"Children's children are a crown to the aged, and parents are the pride of their children." Proverbs 17:6
I have been looking at this verse and I see two different thoughts here. First, that grandchildren are a crown. I am not yet a grandma, but I can tell by watching grandparents interact with their grandchildren that this is most certainly true. Nothing lights up a room faster than a young one playing with their grandparent. Not only is it a crown for the grandparent, but the joy from the situation brings a smile to everyone who sees them.
As for me, I have said numerous times that my hope is to never have an "empty nest." My heart longs to be surrounded by the joy and blessing of children for the rest of my days (my own children, children of friends and neighbors, grandchildren, all children that God puts in my path). My husband and I truly believe that children are a blessing and we have lived our lives accordingly. It breaks my heart when I hear others talking about not wanting children. I hear things like, "I just don't have time for kids" or "I'm not changing diapers in my 40's, I deserve this time for myself." My first reaction is to think, "well at least they know their limitations." But, then my heartbreaks, because they are not allowing the full promises God has for them to be fulfilled. Somewhere along the way our society lost sight of the fact that children are a blessing from our Heavenly Father.

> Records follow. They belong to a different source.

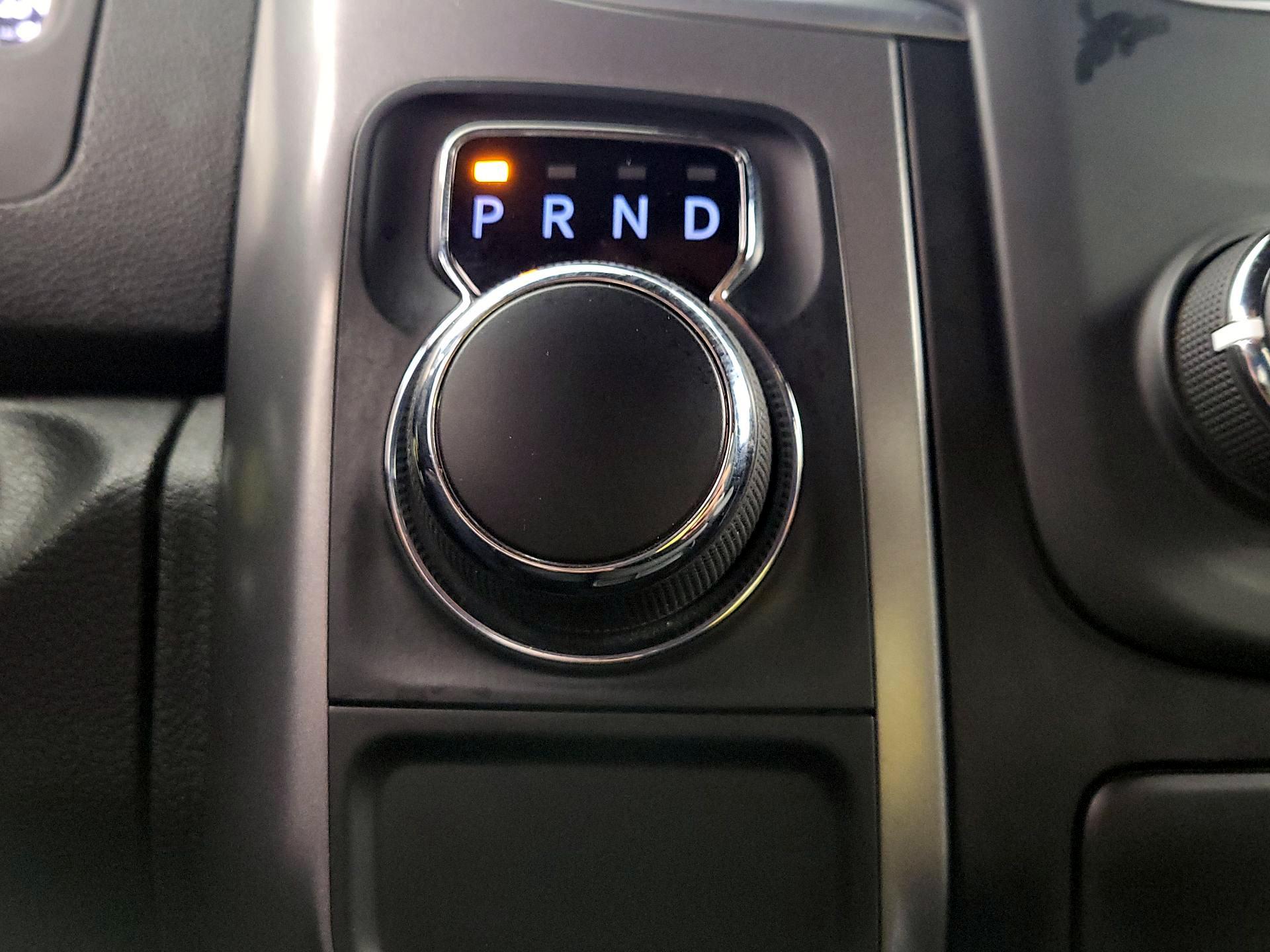 Thumbnail: 2024 RAM 1500 Classic - 17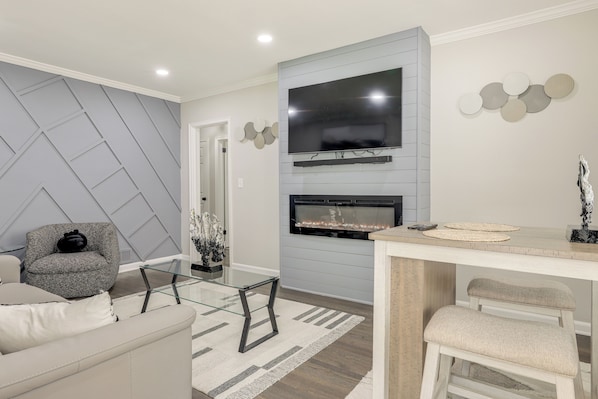 Atlanta Vacation Rental | 2BR | 1BA | 3 Steps Required | 809 Sq Ft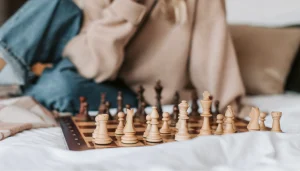 Thumbnail voor Dit is de nieuwe 'Queens Gambit': schaakwereld in de ban van 8-jarig wonderkind
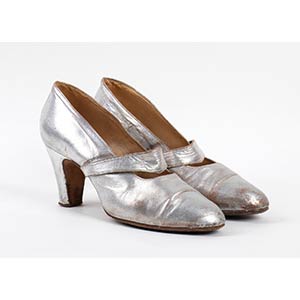 MARY JANE SHOESLate 20sSilver leather Mary ... 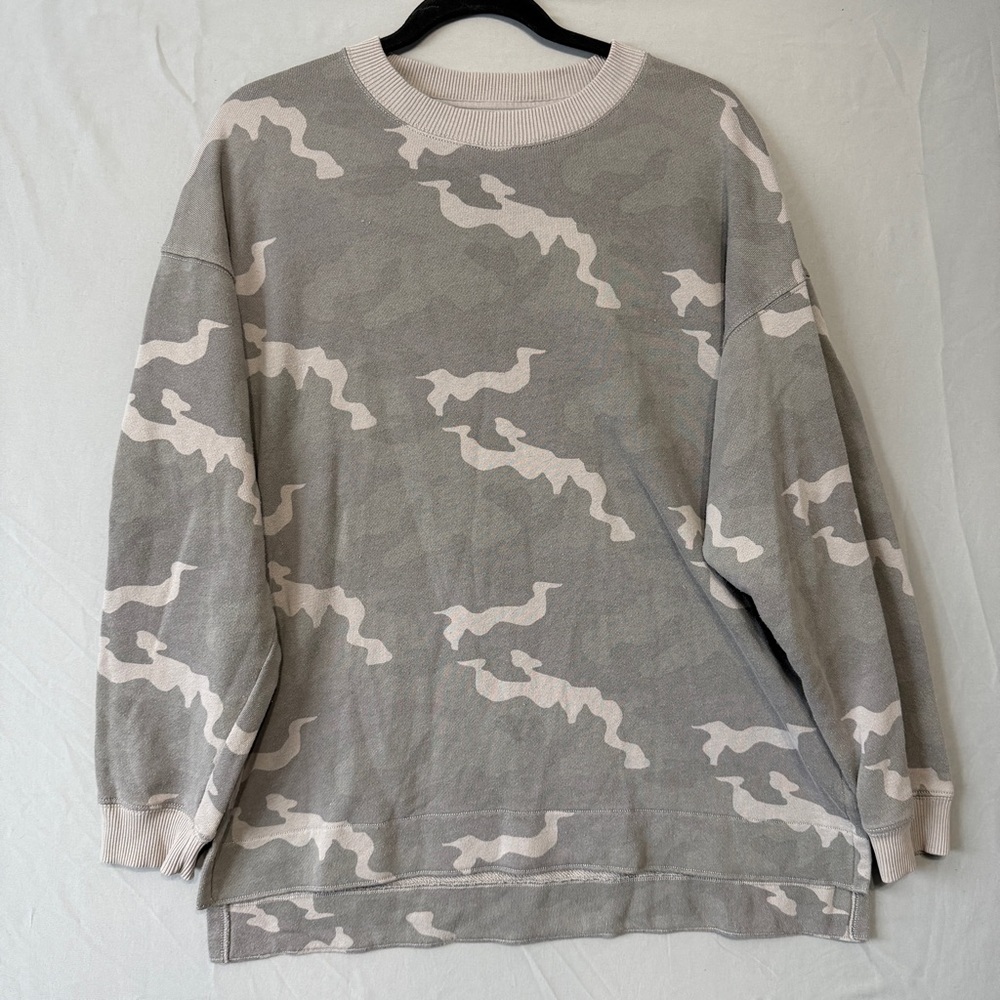 American Eagle Womens Jegging Fit Camo Crewneck Sweater Size S Comfy Loungewear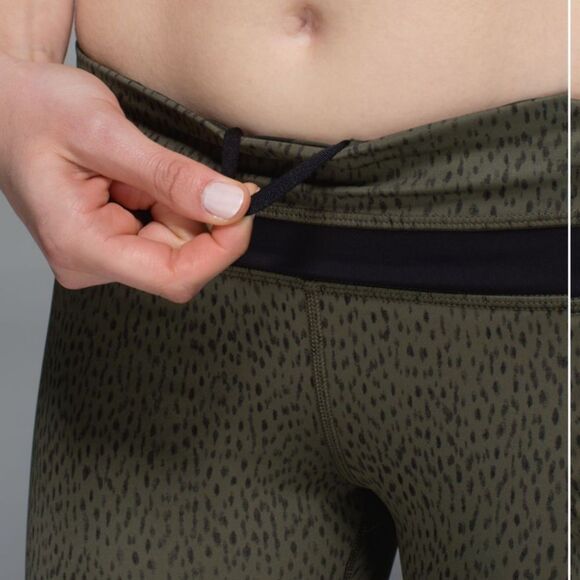 NWT New LULULEMON Run Inspire Crop II Leggings Dottie Dash Fatigue Green Black 6 - Picture 5 of 9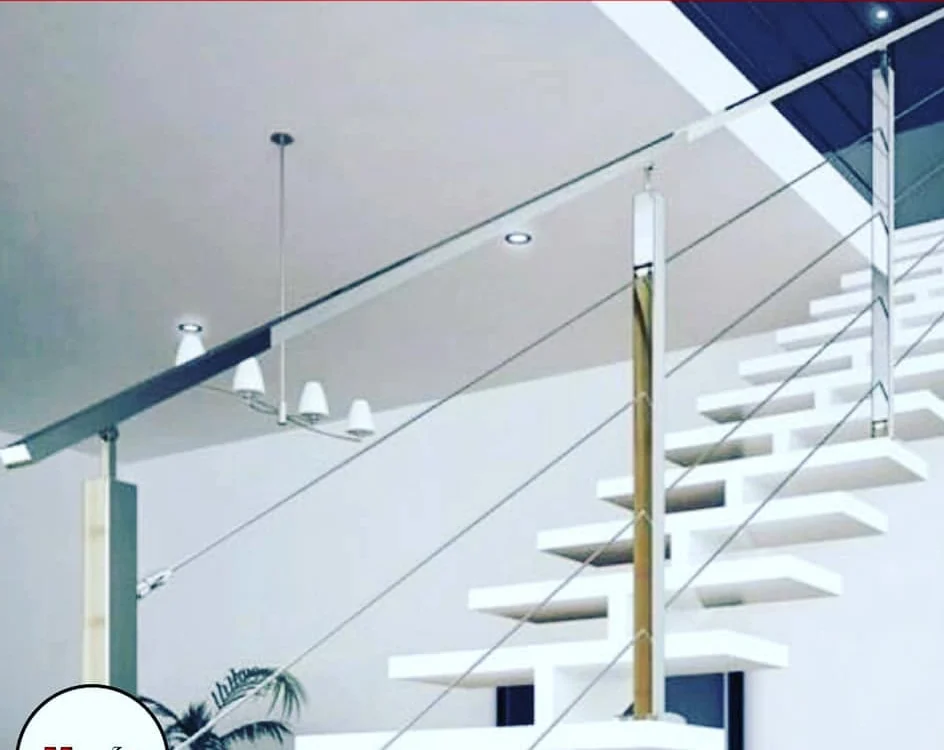 Barandilla de cables de acero inoxidable en escalera interior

The second thought is that parents are the pride of their children. Wow, that one seems a bit more challenging to me. My children are to be proud of me. This makes me wonder "how," how am I to conduct myself that would make my children proud of me? What does it mean for my children to be proud of me? Should this be a goal, or just a wonderful bi-product of living a life for the Kingdom?
I am not sure I know the answers to those questions, but here are some thoughts on how I think I might live in a way that my children might be proud of me.
-love and honor their father
-don't lie to them or others for that matter
-respect their feelings and opinions, gently showing them if there needs to be correction
-putting my relationship with Christ first
-remember that life is short and meant to be filled with joy and laughter
-not posting things on social media that would truly embarrass them
-living how I would expect them to live
This is quite a list and far too hard without the help of the Holy Spirit working in my life. I am not sure how I am doing on this list, or if I shouldn't add a few more suggestions. However this is something that I am conscious of now and something I can be working on in the years to come. Right now, I will just be content to spend time with my children and their friends as we live life together....praying that one day by God's mercy they will be proud of me as their mother.